- Directed by: Ibrahim Ceesay
- Produced by: Ibrahim Ceesay
- Starring: Mariama Colley John Charles Njie
- Release date: 2013;
- Country: Gambia

= Hand of Fate (film) =

2013 Gambian film

Hand of Fate is a 2013 Gambian film which focuses on human rights issues. It provides insights into the situation of teenage girls who are given out to marriage by their parent without their consent or knowledge and how their education and future carriers are being affected along the way. The Children and Community Initiative for Development in partnership with the Mandingmorry Foundation for Performing Arts (MANFOPA) made this film possible.

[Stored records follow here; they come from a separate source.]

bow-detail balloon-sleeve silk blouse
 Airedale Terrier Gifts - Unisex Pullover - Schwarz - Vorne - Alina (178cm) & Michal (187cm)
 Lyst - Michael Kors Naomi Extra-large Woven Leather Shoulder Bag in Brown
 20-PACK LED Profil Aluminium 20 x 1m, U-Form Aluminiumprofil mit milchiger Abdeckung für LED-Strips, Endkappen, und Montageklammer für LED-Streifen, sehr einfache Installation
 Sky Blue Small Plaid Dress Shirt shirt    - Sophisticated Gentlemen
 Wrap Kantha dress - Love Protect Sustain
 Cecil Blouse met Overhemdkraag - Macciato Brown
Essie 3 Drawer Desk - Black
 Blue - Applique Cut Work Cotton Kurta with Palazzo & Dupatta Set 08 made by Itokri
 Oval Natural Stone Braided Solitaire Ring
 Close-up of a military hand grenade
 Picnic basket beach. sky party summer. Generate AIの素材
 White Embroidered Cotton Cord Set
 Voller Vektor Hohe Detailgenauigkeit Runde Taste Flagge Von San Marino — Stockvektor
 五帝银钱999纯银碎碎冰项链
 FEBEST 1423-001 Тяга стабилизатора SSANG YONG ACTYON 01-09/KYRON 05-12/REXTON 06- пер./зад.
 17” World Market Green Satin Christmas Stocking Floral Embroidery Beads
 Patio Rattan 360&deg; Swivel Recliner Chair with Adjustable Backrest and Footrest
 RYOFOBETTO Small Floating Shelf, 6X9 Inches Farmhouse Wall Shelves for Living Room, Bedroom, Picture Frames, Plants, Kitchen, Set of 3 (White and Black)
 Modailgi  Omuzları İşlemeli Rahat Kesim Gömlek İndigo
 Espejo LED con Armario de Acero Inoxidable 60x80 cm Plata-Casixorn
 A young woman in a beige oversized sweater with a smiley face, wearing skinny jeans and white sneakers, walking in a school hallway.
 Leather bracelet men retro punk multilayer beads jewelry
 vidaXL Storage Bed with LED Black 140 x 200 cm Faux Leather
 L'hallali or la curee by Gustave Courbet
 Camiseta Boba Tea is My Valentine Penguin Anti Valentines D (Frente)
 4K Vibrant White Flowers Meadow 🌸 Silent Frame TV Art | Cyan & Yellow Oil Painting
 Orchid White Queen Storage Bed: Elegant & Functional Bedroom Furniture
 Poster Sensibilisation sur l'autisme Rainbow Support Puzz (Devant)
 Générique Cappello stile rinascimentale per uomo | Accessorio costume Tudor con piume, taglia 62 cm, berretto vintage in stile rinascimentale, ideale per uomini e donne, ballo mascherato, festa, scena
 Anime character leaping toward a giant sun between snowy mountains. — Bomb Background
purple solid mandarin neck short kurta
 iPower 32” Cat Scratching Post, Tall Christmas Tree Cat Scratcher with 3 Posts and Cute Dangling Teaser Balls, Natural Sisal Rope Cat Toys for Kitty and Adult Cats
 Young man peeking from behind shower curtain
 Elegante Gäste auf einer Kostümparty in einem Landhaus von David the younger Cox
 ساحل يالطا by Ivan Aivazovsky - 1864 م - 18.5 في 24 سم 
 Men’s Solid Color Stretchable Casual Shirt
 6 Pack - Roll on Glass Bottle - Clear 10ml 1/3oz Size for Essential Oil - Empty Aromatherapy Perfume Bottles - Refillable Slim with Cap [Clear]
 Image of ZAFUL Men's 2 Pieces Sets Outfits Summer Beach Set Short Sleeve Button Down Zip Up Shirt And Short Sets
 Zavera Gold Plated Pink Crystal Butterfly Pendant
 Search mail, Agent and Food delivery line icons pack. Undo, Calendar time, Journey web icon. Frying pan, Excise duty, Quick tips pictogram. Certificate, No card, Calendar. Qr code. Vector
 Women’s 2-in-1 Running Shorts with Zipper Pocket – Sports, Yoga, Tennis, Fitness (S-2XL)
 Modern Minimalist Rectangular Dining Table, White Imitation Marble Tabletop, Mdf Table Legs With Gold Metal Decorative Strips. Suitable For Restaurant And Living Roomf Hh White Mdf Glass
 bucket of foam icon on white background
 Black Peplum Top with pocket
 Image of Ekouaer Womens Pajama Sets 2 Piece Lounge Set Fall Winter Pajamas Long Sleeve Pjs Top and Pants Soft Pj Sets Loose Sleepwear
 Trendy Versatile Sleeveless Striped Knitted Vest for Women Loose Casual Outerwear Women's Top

The film was based on a 2009 book written by the Gambian playwright and theater director Janet Badjan Young. Ibrahim Ceesay produced and directed the film.

==Plot==
The film is about a young girl who had her future taken away from her when she was forced to marry a man she did not love.
== Cast ==
- Mariama Colley
- John Charles Njie
- Cornelius Gomez
- Oley Saidykhan
- Suzy Joh
- Babette Mendy Jalllow

== Awards ==
Hand of Faith won the best indigenous film in Nolloywood and African Film Critics Awards (African Oscars) held in Washington, D.C., on the 14th of September 2013.